I want to make a struct containing small dataframes that can efficiently merge into larger dataframes. Is there any out of the box solutions to cache the matching effort required for the joins.
I tried to do this using GroupedDataFrame (as they store the row numbers for each of the groups in the grouping columns which should result in a speed boost). But I cannot seem to do joins on these structs:
using DataFrames
# Making Example data
rows = 1000000
stock_day = DataFrame(stock = repeat([:A,:b], Int(rows/2)), day = sort(repeat(collect(1:Int(rows/2)),2)), price = rand(rows) )
day = DataFrame(day = collect(1:Int(rows/2)), temperature = rand(Int(rows/2)))
stock = DataFrame(stock = [:A,:b], country = [:AUS, :USA])

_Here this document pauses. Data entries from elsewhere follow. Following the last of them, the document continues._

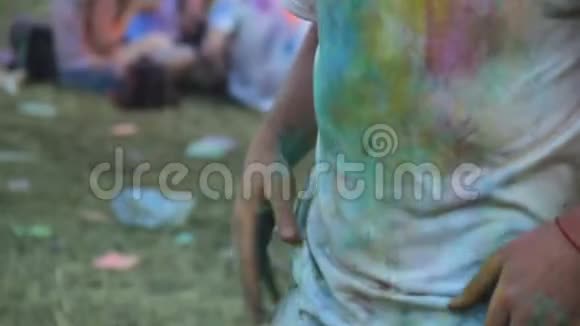 滑稽男子在霍利节上从t恤上抖出五颜六色的粉末跳舞的男子视频的预览图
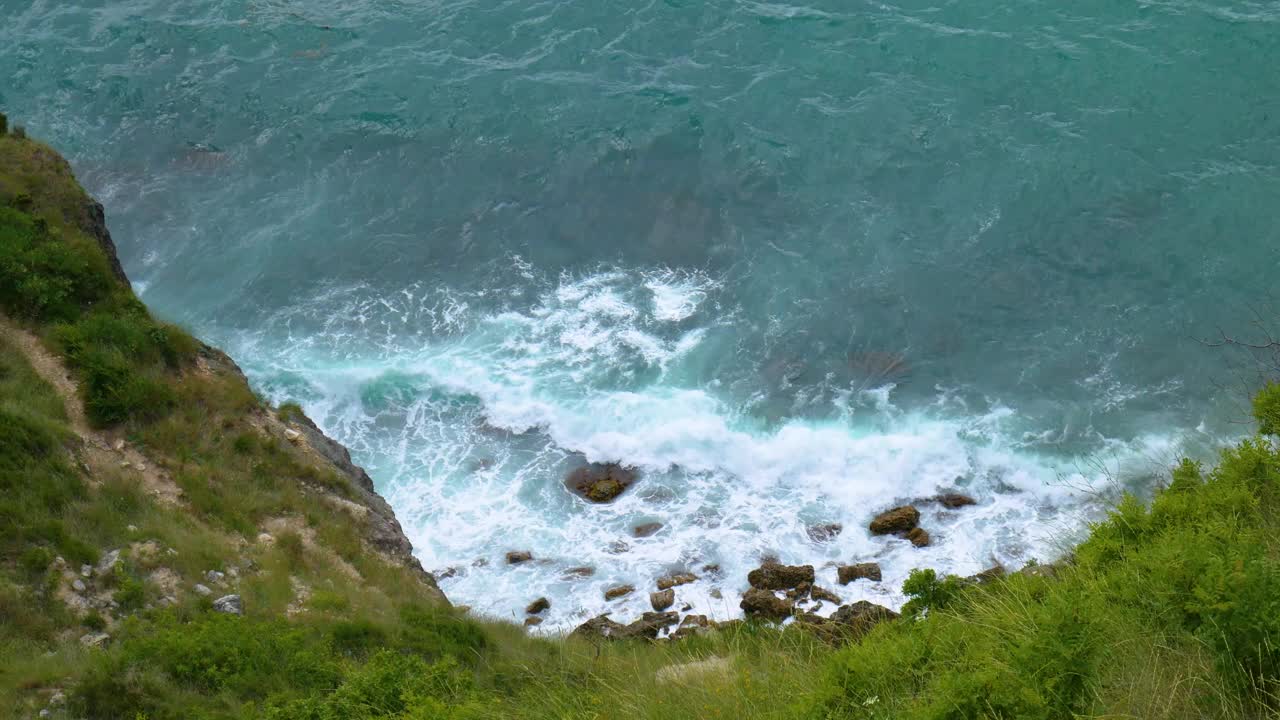 从上面看，海浪撞击着岩石。视频素材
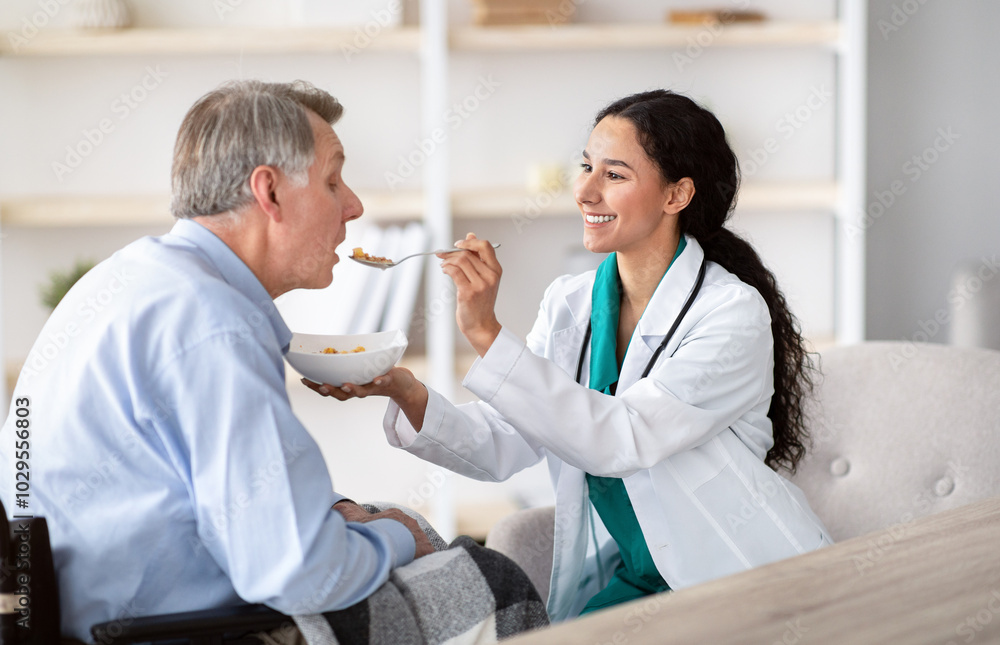 © Prostock-studio - Medical assistance for elderly people with disabilities. Young nurse feeding senior handicapped man in wheelchair at home. Older male patient eating breakfast with caregiver's help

country = DataFrame(country = [:AUS, :USA], GDP_per_capita = [5,6])
struct SplitData2
frames::Dict{Symbol,GroupedDataFrame}
end
sd2 = SplitData2(Dict{Symbol,GroupedDataFrame}([:stock_day, :day, :stock, :country] .=> [groupby(stock_day, Symbol[:stock, :day]),
groupby(day, Symbol[:day]),
groupby(stock, Symbol[:stock]),
groupby(country, Symbol[:country]) ] ) )
function stock_day_gdp(sd::SplitData2)
aa = leftjoin(sd.frames[:stock_day], sd.frames[:day], on = :day)
bb = leftjoin(aa, sd.frames[:stock], on = [:stock])
return bb
end
@time sg = stock_day_gdp(sd2)
Here I get ERROR: MethodError: no method matching leftjoin(::GroupedDataFrame{DataFrame}, ::GroupedDataFrame{DataFrame}; on=:day)
Is there a way efficiently merge GroupedDataFrames? If not is there a way to maintain a set of dataframes with preselected merger columns (with the merge matching being precomputed) that you can efficiently merge with?